4.5. Enhancements to NUMA in Red Hat Enterprise Linux 6

This allows the operating system to detect low-level hardware details (such as logical CPUs, hyper threads, cores, sockets, NUMA nodes and access times between nodes) at boot time, and optimize processing on your system.

This new scheduling mode ensures that runtime is shared evenly between eligible processes. Combining this with topology detection allows processes to be scheduled onto CPUs within the same socket to avoid the need for expensive remote memory access, and ensure that cache content is preserved wherever possible.

malloc is now optimized to ensure that the regions of memory that are allocated to a process are as physically close as possible to the core on which the process is executing. This increases memory access speeds.

Similarly to malloc, this is now optimized to use memory that is physically close to the CPU handling I/O operations such as device interrupts.

Information recorded by device drivers about which CPU handles which interrupts can be used to restrict interrupt handling to CPUs within the same physical socket, preserving cache affinity and limiting high-volume cross-socket communication.

Typically, 90% of locks are acquired for read-only purposes. RCU locking removes the need to obtain an exclusive-access lock when the data being accessed is not being modified. This locking mode is now used in page cache memory allocation: locking is now used only for allocation or deallocation operations.

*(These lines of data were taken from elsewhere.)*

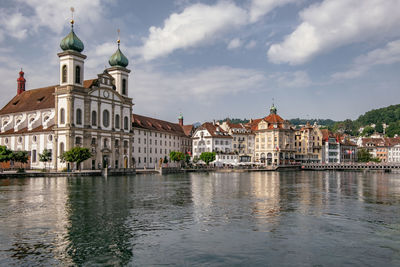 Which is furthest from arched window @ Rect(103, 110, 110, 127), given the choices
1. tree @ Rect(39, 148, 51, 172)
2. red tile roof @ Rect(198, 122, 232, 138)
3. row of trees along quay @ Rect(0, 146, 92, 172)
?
red tile roof @ Rect(198, 122, 232, 138)

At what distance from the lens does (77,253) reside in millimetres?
17297

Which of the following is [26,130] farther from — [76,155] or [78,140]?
[76,155]

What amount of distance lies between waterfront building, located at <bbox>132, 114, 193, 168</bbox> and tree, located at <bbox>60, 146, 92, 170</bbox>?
72.6 ft

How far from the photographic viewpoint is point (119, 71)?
92.6 meters

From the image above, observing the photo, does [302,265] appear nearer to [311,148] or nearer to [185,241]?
[185,241]

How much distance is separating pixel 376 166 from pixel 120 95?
7708 cm

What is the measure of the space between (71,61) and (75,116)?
10.8 metres

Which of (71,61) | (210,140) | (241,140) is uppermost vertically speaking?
(71,61)

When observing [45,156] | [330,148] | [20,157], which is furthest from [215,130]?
[20,157]

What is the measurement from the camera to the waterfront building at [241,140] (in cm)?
12632

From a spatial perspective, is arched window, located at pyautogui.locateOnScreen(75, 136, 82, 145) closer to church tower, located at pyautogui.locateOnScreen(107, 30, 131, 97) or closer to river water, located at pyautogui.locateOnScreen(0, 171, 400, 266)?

Many algorithms have been updated to perform lock coordination among cooperating CPUs on the same socket to allow for more fine-grained locking. Numerous global spinlocks have been replaced with per-socket locking methods, and updated memory allocator zones and related memory page lists allow memory allocation logic to traverse a more efficient subset of the memory mapping data structures when performing allocation or deallocation operations.